▶ _Assignment_
Locate, in the data below, the line that contains "YUCE En gros" and the line that contains "a painting of"; reproduce exactly those two lines and every line between them, nothing more.

▶ _Available data_
++++
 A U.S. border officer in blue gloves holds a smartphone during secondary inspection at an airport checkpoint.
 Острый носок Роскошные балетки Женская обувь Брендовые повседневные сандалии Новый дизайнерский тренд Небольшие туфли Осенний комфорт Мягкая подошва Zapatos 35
++++
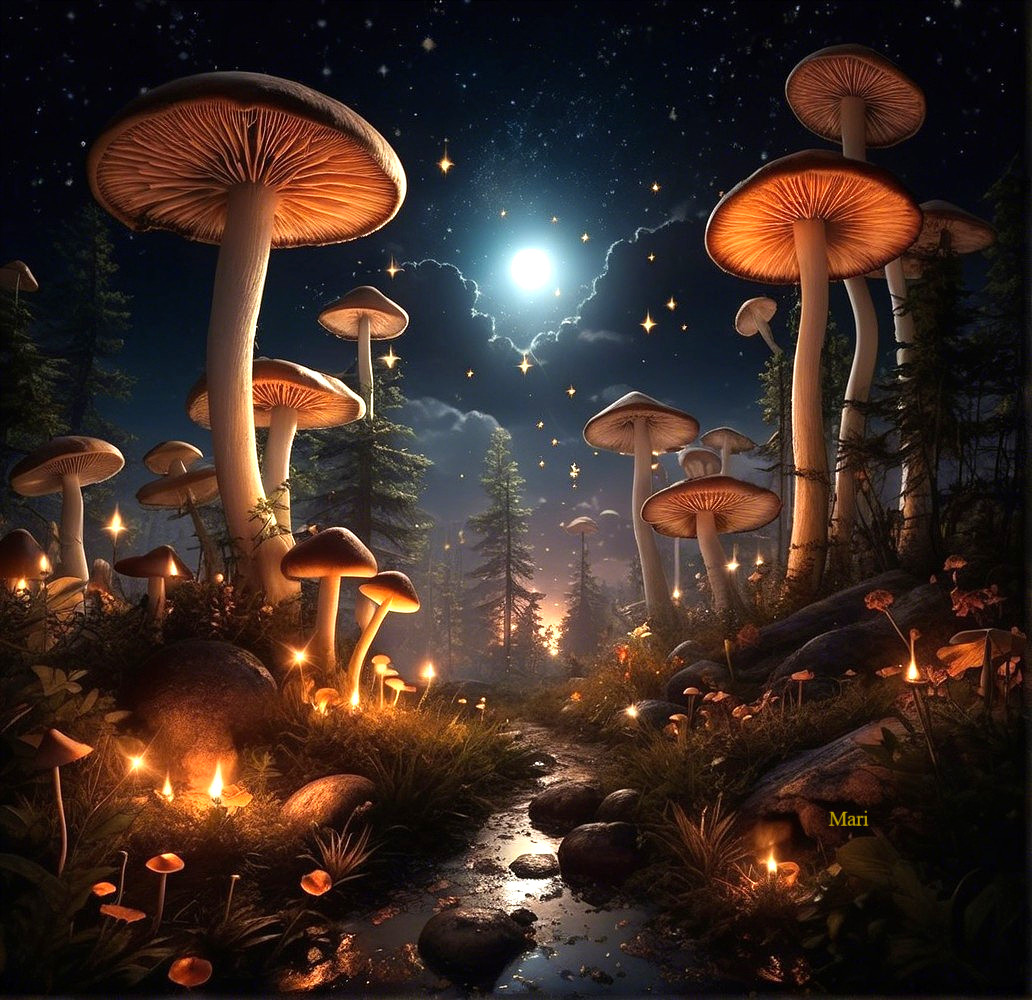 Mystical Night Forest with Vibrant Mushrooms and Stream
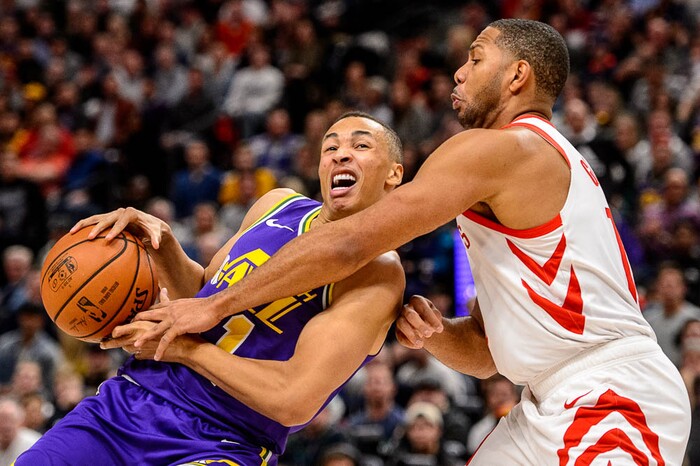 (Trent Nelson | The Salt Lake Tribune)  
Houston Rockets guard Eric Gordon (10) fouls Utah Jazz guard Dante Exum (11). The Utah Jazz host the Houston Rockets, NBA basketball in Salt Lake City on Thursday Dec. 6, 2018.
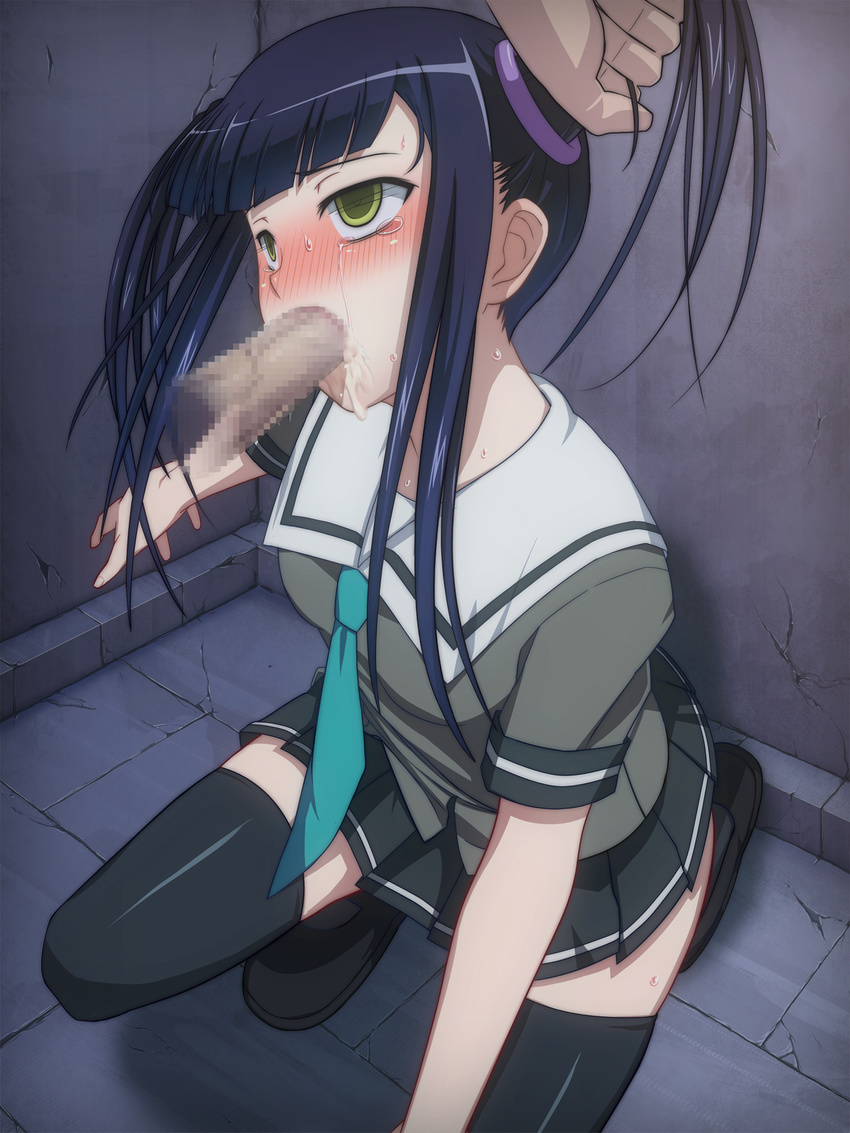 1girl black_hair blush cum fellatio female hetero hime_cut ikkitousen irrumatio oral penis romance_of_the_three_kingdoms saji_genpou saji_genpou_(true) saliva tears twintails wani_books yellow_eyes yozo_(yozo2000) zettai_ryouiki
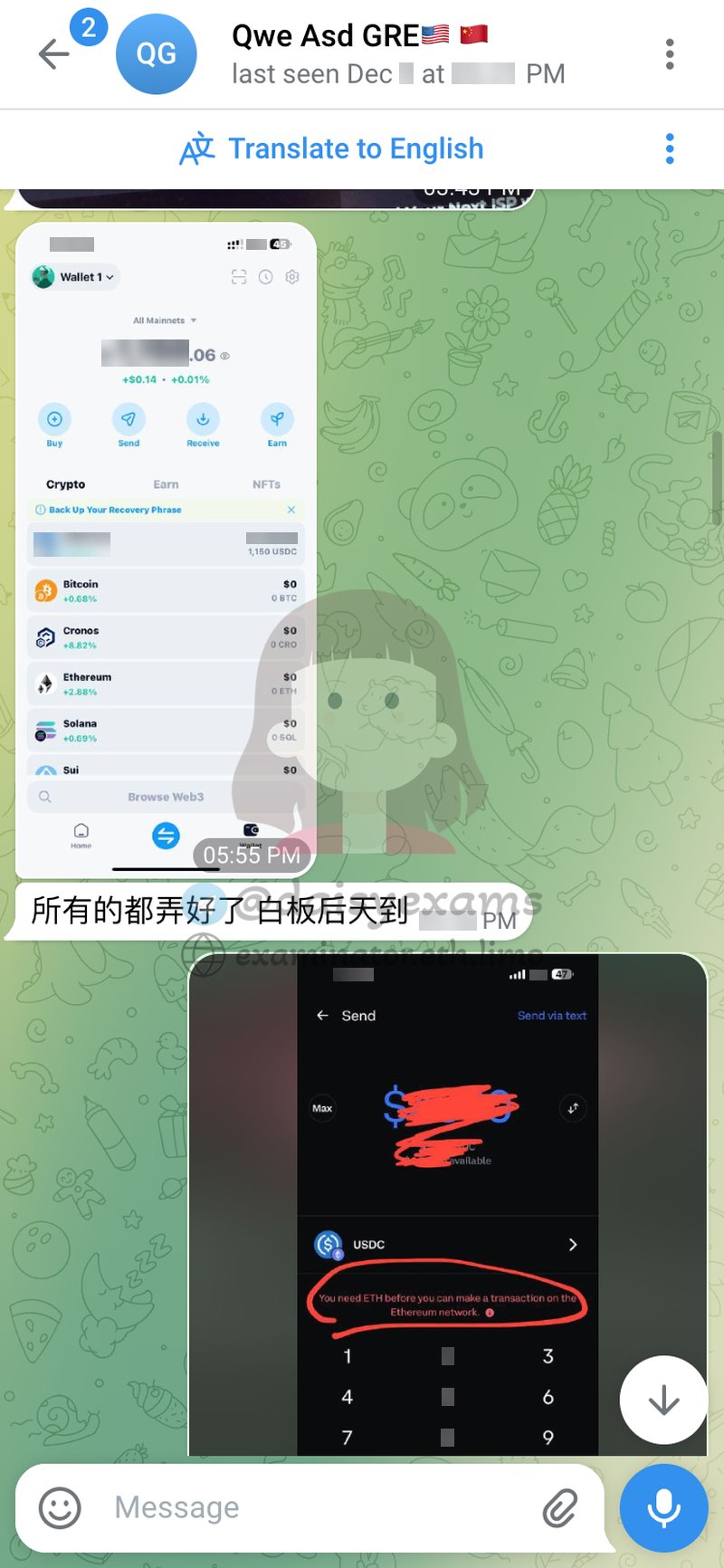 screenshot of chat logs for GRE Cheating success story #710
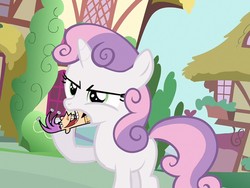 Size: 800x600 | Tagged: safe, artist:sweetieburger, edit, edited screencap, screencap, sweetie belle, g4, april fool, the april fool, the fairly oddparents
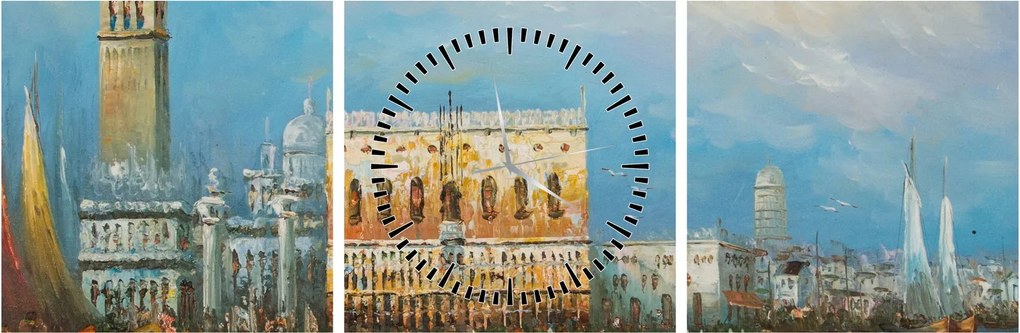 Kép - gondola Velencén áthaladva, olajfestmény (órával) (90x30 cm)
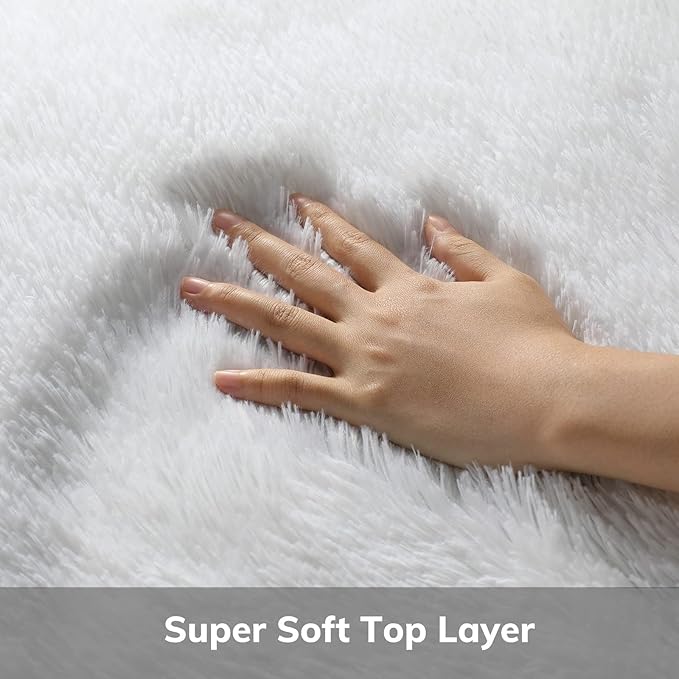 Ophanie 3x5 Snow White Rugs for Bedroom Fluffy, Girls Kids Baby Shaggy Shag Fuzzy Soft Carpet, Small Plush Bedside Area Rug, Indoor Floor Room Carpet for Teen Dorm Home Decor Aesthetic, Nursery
++++
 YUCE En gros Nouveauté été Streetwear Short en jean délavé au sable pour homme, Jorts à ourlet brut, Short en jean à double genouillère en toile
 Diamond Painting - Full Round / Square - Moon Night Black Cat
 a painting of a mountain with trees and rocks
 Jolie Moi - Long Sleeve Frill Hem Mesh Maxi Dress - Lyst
++++
▶ _Result of the exercise_
 YUCE En gros Nouveauté été Streetwear Short en jean délavé au sable pour homme, Jorts à ourlet brut, Short en jean à double genouillère en toile
 Diamond Painting - Full Round / Square - Moon Night Black Cat
 a painting of a mountain with trees and rocks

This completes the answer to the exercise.